Wednesday, 17 February 2021

Movie Review: Crypto (2019)

A banking conspiracy thriller, Crypto throws too many rows into one spreadsheet. The execution is decent, but the plot is overloaded with attempted buzziness.

In Manhattan, Omnicorp Bank anti-money laundering analyst Marty Duran (Beau Knapp) does his job too well and runs afoul of the bigwigs. His sympathetic boss Robin Whiting (Jill Hennessy) reassigns him to the small branch in Elba, upstate New York, which happens to be Marty's home town. His father Marty Sr. (Kurt Russell) is a stubborn potato farmer threatened with foreclosure, and his brother Caleb (Luke Hemsworth) is an Iraq War veteran struggling to adjust. Neither is happy to see Marty again.

Marty reconnects with his high school buddy Earl (Jeremie Harris), who is engrossed in cryptocurrency trading. At work, Marty uncovers irregularities in the bank's transactions with the art gallery run by maneater Penelope (Malaya Rivera Drew) and her accountant/sex partner Ted Patterson (Vincent Kartheiser). Marty starts a friendship with gallery employee Katie (Alexis Bedel), but as he digs deeper into the books and Earl delves into unusual crypto transactions, the threads of a dangerous conspiracy emerge.

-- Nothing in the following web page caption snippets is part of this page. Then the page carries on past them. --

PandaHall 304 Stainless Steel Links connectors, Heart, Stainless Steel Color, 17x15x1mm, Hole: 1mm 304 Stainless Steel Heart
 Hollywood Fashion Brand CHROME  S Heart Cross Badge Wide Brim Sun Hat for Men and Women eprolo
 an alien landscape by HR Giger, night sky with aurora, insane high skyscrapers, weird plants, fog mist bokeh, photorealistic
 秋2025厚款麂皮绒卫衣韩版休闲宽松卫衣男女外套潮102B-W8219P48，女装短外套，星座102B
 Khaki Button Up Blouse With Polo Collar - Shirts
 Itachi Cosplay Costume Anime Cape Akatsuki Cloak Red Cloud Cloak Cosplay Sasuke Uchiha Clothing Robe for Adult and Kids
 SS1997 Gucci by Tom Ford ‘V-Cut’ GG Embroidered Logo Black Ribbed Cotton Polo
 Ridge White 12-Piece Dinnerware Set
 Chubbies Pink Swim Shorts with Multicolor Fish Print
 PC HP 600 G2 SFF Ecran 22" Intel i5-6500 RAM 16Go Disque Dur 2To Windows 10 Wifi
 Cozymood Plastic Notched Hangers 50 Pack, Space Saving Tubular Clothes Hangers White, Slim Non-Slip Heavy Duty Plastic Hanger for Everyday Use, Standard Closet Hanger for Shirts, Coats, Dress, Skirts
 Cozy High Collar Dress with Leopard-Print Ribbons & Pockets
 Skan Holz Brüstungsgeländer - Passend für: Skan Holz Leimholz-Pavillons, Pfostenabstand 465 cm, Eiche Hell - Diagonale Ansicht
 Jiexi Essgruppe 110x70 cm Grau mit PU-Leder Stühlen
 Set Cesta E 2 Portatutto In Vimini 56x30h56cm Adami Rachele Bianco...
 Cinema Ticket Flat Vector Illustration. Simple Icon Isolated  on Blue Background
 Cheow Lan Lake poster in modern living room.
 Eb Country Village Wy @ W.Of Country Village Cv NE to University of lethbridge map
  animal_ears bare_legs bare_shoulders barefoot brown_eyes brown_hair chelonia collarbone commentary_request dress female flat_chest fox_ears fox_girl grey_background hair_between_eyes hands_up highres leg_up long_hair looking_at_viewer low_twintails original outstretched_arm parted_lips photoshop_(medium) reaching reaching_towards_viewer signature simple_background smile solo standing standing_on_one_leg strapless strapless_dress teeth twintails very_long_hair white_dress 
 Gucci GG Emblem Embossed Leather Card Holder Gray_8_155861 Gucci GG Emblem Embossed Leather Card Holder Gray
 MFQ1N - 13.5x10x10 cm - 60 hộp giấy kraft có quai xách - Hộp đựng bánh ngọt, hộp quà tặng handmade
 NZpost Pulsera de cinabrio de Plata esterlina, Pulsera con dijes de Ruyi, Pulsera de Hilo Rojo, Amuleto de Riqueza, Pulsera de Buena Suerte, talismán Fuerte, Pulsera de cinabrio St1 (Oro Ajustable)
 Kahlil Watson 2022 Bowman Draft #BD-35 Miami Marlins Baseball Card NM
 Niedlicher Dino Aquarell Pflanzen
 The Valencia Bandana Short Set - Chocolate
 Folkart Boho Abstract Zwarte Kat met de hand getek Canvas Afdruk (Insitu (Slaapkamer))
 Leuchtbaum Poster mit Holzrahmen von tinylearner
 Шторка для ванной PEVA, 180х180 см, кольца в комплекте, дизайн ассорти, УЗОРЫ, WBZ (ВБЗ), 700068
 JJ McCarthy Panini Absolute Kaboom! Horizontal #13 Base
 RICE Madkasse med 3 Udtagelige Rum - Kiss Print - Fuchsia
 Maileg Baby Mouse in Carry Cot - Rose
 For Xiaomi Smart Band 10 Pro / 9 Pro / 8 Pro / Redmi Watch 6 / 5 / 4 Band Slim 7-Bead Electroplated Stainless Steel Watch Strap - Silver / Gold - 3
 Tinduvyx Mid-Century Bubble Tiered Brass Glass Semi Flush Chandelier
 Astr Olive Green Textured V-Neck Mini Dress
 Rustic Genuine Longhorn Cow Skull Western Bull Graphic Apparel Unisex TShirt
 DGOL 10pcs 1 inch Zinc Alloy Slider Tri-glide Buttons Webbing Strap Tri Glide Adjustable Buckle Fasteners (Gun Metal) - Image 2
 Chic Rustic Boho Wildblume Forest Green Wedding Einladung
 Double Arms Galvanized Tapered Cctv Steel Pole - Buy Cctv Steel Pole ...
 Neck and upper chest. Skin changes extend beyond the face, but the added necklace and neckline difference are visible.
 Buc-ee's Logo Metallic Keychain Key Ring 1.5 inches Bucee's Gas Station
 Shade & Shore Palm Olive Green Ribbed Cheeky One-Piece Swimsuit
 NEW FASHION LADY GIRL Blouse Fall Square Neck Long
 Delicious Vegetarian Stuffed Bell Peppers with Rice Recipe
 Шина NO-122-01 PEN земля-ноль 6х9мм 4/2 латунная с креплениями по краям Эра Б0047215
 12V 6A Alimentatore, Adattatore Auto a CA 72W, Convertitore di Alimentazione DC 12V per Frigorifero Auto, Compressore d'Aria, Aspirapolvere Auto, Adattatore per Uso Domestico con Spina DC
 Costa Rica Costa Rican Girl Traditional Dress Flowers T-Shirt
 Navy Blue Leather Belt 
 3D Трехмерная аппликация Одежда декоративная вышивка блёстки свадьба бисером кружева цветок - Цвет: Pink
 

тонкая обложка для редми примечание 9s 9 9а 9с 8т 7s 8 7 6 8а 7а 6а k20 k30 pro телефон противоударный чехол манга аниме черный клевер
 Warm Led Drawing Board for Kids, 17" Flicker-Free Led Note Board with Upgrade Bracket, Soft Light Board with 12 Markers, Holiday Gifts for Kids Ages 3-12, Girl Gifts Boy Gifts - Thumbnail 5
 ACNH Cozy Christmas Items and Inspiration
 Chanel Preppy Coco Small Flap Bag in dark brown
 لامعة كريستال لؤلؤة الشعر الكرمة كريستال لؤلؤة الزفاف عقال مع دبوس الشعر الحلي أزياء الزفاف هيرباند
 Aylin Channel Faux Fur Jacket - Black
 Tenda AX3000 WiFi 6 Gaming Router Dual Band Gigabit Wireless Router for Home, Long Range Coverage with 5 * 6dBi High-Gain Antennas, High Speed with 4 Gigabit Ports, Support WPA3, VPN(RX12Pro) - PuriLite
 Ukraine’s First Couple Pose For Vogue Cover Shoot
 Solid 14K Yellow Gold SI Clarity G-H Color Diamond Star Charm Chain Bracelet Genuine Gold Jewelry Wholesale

A melange of hot-button issues compete for attention in the Crypto screenplay by Carlyle Eubank and David Frigerio. Muddled by a rainstorm of acronyms, the evil conspiracy is never quite defined but includes illicit cryptocurrency trading, the dark web, market manipulation, cross-border money laundering, the Russian mafia, corrupt bank officials, shell companies, stone-faced assassins mopping up witnesses, and of the course the old standby, micro chips containing top secrets.

But director John Stalberg Jr. also has to contend with a whole other storyline, involving a bedraggled potato farm and Marty having to mend fences with his father and brother. Kurt Russell's craggy presence provides Crypto with some of its best moments, while Luke Hemsworth deftly avoids any scenes which don't require him to be on the verge of breaking something or someone.

Despite the overflowing agenda, room can still be found for a tepid relationship to evolve between Marty and Katie. He is quite functional but on the spectrum, as evidenced by wearing his work suit and office shoes on their scenic hike.

Stalberg maintains narrative zip and finds enough return-of-the-prodigal-son notes to achieve reasonable momentum, blissfully ignoring the ever expanding plot holes. But when the rescue cavalry arrives in a final flourish corresponding with the bad guys suddenly discovering their incompetent side, all the MNEs, AMLs, ATMs, ICOs, TRACs and BSAs finally dissolve into a hearty alphabet soup.